■ What the task asks:
Please show all lines of the records that include "Necklace".

________

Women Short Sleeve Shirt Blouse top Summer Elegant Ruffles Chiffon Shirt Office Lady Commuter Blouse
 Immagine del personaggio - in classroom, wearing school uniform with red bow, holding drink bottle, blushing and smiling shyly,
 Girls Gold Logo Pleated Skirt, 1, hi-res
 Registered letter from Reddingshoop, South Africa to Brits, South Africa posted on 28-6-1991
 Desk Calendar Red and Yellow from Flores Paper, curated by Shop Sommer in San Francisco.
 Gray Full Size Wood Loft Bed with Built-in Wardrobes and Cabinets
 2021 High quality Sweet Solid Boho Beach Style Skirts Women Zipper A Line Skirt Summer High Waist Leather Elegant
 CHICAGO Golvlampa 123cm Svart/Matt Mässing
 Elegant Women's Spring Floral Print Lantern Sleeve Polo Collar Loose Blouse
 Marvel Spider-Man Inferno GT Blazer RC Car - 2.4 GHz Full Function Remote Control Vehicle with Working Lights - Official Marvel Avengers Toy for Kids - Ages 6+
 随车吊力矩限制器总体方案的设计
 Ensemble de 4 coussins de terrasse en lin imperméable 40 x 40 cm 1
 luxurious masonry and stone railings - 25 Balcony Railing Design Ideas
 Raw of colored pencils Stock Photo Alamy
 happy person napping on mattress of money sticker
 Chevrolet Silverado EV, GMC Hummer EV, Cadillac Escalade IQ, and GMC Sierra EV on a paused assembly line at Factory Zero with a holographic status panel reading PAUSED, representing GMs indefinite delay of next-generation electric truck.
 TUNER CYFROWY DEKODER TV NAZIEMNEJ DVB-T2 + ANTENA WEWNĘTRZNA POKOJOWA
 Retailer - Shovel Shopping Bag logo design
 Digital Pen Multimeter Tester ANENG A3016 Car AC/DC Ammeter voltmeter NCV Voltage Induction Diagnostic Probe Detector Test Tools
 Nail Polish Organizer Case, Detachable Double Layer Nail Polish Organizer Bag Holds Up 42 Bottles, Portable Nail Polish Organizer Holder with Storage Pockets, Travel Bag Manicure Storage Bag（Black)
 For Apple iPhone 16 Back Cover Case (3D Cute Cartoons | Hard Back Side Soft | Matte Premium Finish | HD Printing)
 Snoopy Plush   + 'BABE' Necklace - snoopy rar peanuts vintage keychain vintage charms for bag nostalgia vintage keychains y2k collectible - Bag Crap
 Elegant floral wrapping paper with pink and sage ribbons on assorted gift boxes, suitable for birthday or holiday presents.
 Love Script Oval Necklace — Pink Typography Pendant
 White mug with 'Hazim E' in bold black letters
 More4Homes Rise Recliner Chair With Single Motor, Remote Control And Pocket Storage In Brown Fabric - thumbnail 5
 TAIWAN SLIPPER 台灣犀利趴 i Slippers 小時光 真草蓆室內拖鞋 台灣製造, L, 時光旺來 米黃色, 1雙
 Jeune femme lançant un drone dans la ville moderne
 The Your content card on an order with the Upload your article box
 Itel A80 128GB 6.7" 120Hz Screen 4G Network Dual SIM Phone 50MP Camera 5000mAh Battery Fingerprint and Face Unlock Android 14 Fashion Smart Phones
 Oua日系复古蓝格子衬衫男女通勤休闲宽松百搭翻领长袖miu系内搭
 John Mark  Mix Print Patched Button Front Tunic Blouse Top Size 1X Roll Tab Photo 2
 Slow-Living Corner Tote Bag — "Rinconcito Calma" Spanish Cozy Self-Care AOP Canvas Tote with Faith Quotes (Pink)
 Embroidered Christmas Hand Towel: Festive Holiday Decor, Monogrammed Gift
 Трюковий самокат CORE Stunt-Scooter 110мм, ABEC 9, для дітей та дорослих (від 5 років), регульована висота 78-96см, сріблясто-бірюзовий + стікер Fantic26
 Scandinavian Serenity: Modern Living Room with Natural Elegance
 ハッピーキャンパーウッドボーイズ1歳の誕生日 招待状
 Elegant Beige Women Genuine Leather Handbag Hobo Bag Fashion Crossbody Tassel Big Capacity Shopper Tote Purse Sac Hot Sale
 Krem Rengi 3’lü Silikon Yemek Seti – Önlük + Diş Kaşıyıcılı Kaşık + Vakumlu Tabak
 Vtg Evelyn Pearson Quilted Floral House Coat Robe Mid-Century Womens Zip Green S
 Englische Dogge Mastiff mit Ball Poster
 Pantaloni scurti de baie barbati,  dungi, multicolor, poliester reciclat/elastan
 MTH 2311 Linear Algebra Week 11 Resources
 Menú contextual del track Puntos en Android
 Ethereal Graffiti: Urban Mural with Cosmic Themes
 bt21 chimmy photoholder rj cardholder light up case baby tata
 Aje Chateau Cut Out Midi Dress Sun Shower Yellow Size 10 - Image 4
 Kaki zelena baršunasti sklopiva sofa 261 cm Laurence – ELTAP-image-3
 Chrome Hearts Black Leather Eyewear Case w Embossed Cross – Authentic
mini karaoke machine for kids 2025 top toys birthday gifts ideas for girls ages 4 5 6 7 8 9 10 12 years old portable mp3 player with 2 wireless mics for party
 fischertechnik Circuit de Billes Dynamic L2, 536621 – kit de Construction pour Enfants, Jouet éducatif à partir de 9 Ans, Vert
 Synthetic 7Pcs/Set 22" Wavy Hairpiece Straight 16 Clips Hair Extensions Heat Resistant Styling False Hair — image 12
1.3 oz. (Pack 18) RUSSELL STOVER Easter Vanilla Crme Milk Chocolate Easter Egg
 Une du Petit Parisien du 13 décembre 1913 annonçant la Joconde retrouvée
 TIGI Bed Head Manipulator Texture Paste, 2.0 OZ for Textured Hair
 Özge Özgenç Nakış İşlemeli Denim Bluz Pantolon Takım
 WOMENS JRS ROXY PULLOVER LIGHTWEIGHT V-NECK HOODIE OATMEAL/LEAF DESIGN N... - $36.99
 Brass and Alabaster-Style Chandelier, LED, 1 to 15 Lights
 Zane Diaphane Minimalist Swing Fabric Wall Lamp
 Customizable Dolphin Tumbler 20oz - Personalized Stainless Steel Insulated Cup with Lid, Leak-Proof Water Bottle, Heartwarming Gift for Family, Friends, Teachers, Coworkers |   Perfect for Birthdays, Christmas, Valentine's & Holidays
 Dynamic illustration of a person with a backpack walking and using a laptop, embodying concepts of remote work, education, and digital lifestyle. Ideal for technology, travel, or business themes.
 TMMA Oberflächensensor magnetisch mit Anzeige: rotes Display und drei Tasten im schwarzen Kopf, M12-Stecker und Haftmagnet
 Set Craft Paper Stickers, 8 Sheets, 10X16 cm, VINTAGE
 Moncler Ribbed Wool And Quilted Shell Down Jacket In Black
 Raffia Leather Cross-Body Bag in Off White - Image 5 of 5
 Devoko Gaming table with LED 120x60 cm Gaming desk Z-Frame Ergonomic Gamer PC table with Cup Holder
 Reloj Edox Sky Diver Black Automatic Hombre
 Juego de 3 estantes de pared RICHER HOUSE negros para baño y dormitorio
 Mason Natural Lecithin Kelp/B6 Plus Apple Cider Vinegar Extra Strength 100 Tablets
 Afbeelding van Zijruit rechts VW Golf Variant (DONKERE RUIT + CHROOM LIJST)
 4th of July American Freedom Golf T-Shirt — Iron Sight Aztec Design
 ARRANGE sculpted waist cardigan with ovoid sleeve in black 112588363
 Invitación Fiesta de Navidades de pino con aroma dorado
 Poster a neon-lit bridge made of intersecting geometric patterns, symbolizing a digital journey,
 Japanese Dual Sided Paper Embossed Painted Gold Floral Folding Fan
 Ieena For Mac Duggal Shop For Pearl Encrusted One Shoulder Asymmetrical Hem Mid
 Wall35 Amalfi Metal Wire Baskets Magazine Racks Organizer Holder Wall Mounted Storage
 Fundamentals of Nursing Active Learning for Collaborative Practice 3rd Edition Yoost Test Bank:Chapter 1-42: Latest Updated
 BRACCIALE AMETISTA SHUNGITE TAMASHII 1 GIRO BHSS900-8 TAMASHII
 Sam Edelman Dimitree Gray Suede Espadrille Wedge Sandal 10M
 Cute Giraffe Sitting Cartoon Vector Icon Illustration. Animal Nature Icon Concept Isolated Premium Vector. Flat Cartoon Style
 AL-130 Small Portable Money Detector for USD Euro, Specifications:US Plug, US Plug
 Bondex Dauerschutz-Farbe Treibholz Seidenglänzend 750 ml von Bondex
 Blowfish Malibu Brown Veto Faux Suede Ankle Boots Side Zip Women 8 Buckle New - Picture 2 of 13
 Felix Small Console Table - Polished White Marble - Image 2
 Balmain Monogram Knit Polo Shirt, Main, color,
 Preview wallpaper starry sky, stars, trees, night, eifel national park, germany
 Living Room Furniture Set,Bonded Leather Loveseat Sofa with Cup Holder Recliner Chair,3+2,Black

________

■ Answer to the problem:
 Snoopy Plush   + 'BABE' Necklace - snoopy rar peanuts vintage keychain vintage charms for bag nostalgia vintage keychains y2k collectible - Bag Crap
 Love Script Oval Necklace — Pink Typography Pendant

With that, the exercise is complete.